L’embargo américain, accompagné dès 1961 de la rupture des relations diplomatiques entre les deux pays, visait à précipiter la chute du régime cubain mis en place lors de la révolution de 1959 – les États-Unis étant le débouché traditionnel de l’économie cubaine. Cuba a été la cible de nouvelles mesures restrictives américaines en 1992, après que deux avions privés américains aient été abattus par l’armée cubaine. Les Etats-Unis menaçaient en effet de sanction toute entreprise entretenant des relations économiques avec Cuba de sanctions et interdisait l’usage du dollar pour une telle transaction. La BNP Paribas a ainsi été condamné à 8,9 milliards de dollars d’amendes le 30 juin 2014 pour avoir violé des embargos similaires à Cuba, au Soudan et l’Iran. La France n’en reste pas moins le 10e partenaire économique de Cuba. En 2013, elle a échangé pour 278 millions de marchandises avec Cuba.
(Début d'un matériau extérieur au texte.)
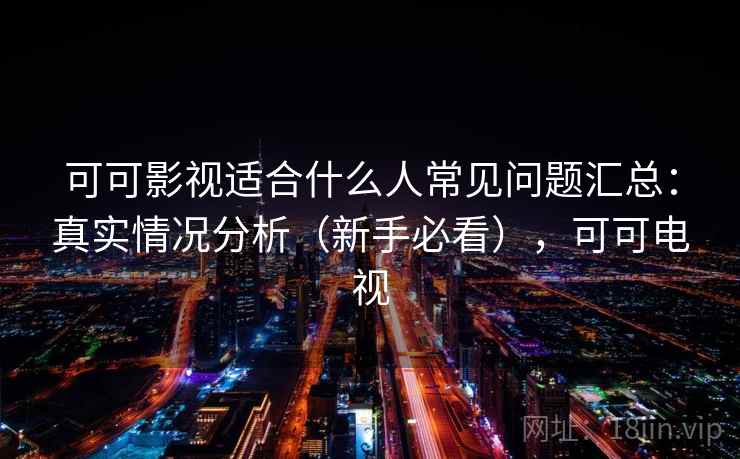 可可影视适合什么人常见问题汇总:真实情况分析(新手必看),可可电视 第2张 可可影视适合什么人常见问题汇总:真实情况分析(新手必看),可可电视 第2张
Washington, en annonçant mercredi 17 décembre, les libérations de prisonniers cubains détenus aux Etats-Unis – entraînant la libération d’un ressortissant américain emprisonné à Cuba – a fait le premier pas en annonçant le rétablissement de relations diplomatiques entre le deux pays. Cela à mis fin à une guerre froide de plus de cinquante ans. Mais le voyage officiel du président français ouvre la porte à un rapprochement entre l’île et l’Europe, ce qui lui assurerait de ne pas retomber sous l’égide de son voisin américain, comme ce fut le cas des années 30 jusqu’à la révolution castriste. « Les Cubains ne veulent pas redevenir un palais des réjouissances des Etats-Unis. Ils veulent être respectés, ils veulent un développement équilibré, faire – non pas un bond en avant ce serait connoté – mais un pas en avant », expliquait François Hollande avant de monter dan l’avion l’emmenant à la Havane.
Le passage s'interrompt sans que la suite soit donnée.